GuitarBilly wrote:Casey4s wrote:How did everyone make it through a workday before we all had cell phones? If your family has an emergency they can surely contact you through your landline work phone can't they?

well, there was also a point in time where people made it through their work day without any phones at all. Or electricity. But that is irrelevant for the way things are today. Cell phones are a life line to a lot of people today. That's just the way things are in 2013. Whatever happened in the 50's -90's is not really relevant.
The work landline would be a valid option if companies didn't have an "all calls may be monitored/recorded" policy. Since pretty much all companies do have that type of policy, they can't demand employees to give their landlines for personal emergency calls, because these are calls the employee might not want the company to monitor or record. I don't necessarily want my boss to know everything that happens to my son or fiancee, yet I need a way to be reached if something happens.

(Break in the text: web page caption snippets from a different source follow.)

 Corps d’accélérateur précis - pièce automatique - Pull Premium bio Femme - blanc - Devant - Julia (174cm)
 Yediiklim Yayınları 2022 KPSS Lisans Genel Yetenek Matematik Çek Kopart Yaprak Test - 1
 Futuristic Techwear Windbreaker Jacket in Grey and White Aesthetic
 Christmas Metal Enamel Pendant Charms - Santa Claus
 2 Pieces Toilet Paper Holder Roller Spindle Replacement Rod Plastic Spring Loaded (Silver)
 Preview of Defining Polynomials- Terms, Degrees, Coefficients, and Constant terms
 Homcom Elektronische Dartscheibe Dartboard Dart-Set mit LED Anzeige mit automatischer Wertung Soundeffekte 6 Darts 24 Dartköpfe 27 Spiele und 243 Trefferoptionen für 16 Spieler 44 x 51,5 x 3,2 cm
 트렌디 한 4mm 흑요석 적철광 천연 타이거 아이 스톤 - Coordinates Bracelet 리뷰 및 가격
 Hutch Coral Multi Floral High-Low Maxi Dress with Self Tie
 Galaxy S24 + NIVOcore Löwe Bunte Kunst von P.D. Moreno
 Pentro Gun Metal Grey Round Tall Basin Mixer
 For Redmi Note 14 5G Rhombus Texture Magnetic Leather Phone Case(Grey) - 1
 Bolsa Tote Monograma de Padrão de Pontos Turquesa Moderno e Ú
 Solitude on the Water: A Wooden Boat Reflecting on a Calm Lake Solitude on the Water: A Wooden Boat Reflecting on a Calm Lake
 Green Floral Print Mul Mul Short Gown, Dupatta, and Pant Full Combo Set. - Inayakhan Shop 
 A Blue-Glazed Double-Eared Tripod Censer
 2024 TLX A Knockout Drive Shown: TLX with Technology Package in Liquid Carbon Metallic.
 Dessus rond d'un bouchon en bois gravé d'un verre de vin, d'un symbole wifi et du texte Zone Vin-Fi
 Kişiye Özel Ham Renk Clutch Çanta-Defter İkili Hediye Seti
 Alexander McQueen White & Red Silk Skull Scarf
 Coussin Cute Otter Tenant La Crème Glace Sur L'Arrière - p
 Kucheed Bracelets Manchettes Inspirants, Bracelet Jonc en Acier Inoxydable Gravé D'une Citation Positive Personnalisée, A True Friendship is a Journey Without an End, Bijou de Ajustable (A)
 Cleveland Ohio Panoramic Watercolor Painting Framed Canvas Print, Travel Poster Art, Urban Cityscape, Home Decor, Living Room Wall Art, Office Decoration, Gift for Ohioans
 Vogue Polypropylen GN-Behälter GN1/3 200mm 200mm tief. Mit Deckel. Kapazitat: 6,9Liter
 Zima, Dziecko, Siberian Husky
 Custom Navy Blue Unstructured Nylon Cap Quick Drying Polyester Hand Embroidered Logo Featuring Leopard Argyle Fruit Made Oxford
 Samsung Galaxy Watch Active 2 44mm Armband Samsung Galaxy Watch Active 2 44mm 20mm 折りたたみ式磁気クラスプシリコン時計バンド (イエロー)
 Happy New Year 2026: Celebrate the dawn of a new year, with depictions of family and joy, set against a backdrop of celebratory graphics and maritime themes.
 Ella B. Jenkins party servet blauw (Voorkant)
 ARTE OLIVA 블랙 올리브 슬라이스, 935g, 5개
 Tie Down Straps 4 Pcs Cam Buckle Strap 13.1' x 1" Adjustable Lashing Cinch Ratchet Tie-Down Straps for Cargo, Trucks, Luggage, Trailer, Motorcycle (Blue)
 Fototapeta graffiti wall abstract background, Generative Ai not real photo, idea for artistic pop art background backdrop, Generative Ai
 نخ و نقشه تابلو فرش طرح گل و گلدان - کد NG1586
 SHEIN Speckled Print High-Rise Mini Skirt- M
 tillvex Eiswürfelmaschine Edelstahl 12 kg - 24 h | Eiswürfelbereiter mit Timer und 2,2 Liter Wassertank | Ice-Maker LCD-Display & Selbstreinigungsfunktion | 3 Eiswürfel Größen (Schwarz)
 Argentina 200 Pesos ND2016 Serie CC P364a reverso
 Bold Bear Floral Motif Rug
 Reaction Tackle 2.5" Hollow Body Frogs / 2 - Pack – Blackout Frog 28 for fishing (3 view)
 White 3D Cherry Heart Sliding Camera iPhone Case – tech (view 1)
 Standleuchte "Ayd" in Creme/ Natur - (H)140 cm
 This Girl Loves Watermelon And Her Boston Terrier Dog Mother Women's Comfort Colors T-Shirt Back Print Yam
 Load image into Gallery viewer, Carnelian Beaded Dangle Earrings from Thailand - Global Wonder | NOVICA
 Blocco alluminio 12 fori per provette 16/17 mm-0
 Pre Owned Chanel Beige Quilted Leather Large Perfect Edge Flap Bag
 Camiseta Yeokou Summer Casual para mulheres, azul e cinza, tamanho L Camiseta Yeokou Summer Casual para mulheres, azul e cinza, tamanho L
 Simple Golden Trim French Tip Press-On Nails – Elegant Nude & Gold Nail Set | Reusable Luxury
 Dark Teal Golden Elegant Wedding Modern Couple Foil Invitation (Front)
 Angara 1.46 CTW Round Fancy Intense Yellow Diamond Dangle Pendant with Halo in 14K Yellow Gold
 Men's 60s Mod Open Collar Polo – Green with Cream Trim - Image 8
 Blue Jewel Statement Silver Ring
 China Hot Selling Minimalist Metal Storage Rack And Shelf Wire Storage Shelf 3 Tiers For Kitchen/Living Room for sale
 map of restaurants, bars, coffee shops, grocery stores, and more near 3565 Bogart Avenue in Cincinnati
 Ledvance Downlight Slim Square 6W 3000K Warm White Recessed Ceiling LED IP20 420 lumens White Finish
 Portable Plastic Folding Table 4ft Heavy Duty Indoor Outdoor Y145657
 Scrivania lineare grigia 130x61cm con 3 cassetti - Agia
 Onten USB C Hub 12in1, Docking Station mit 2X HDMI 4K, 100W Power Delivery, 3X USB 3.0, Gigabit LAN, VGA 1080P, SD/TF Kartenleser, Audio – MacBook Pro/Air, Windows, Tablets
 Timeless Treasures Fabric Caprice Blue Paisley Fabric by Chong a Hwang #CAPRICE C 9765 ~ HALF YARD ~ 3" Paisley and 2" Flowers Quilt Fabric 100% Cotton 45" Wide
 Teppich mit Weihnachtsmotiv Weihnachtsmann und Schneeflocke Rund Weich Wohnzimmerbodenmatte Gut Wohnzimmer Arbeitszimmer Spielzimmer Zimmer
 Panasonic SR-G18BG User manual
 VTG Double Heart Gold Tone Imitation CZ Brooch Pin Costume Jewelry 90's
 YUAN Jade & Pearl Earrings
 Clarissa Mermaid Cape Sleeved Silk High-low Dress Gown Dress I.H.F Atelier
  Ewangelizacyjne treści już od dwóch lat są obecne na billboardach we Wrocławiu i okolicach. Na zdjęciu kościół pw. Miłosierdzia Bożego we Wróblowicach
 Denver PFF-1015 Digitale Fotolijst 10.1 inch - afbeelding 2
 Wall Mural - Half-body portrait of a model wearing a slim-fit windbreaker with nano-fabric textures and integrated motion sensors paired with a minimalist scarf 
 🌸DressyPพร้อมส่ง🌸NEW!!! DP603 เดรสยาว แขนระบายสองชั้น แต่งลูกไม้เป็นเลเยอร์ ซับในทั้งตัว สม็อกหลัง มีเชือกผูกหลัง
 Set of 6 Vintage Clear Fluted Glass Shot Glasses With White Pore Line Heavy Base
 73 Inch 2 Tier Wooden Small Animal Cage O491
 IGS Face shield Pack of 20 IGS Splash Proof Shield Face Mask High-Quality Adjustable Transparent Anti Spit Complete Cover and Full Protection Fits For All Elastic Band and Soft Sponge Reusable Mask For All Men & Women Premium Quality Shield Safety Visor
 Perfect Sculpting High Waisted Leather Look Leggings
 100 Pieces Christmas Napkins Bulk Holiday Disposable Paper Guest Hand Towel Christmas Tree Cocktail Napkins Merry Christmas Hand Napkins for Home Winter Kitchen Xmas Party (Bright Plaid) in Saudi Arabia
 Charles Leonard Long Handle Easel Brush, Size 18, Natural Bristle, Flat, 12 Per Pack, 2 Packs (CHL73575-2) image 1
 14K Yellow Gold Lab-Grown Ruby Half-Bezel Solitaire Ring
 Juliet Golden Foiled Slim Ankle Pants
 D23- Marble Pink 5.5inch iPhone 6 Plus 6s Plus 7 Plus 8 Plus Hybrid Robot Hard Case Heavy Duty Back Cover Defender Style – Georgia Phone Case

We don't record our landlines or track and monitor the records at all. We don't have that kind of policy, we're just not big enough to give a shit like that. Family, spouses, friends, etc, are welcome to call the landlines in cases of emergency, or urgent personal matters. The bulletin that went out mentioned that everyone will need to inform their families, spouses, etc. how to contact them on the work numbers, and they were given several days to do so prior to the policy going into effect.
This might all lead to another problem though, which I recognize, of people just gabbing away all day long on their work lines. And people are making a lot of good points either in support or opposition of what my company's doing. Every company and operations, culture, way of doing business, way of promoting and increasing wages is different. In our case some more stringent controls needed to be implemented, and so far it's working.